Trains went passed the top of our street on a daily basis, usually passenger to and from Nottingham, and it wasn’t an unusual sight to see wagons passing full of coal, or stone, or cattle, and after the war had started, it was not unusual to see flat loaded wagons carrying Army Vehicles which on occasions included Tanks. I suppose that on some of the sheeted wagons they would have been carrying Bombs and Ammunition, and to a very young child, this was all very exciting.
One time, when going to the top shop, a train full of soldiers went by the top of the street, many were hanging out of the train windows waving. They dismounted from the trains at the Mansfield Station. Some were billeted in the railway sidings for a while, others in the goods sidings at the top of Wharf Road. It was then decided to billet them in certain schools in the area of Mansfield.

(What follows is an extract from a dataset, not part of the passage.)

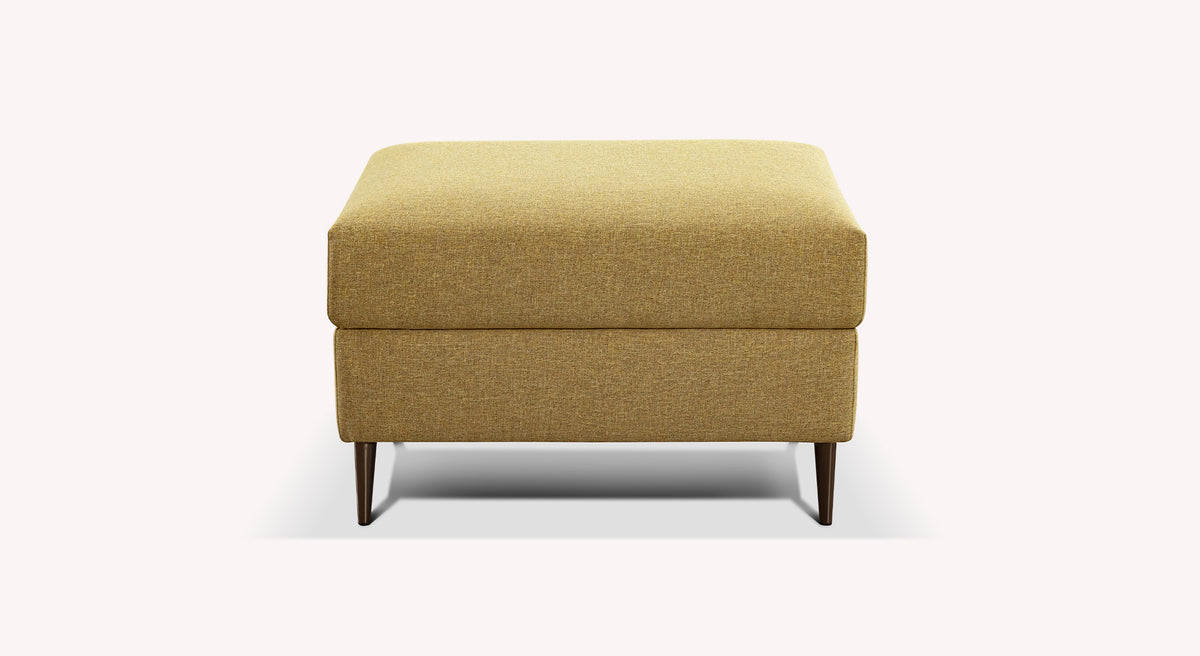 Pouf rectangulaire en tissu jaune moutarde, modèle Layne, avec pieds en bois foncé, sur fond blanc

The school I remember which was taken over by the armed forces was Rosemary School. They occupied the whole of Rosemary School. And the Rosemary pupils were all moved to Moor Lane School, where they took over the whole of the ground floor, whilst the Moor Lane juniors were moved onto the first floor. I remember that Mr Gelsthorpe was the Headmaster. It was just a small march from the station to Rosemary School for the troops, but I would not think that was the reason for the decision. I do know that the school was occupied by the army up to 1944.
Six years after the end of W.W.2. I did get my chance to wear a khaki uniform, and receive the Kings shilling. But after six years of war, the world was still not at peace. I did remember those men in their uniforms, and at last I was one of them, and I was proud to be one of them.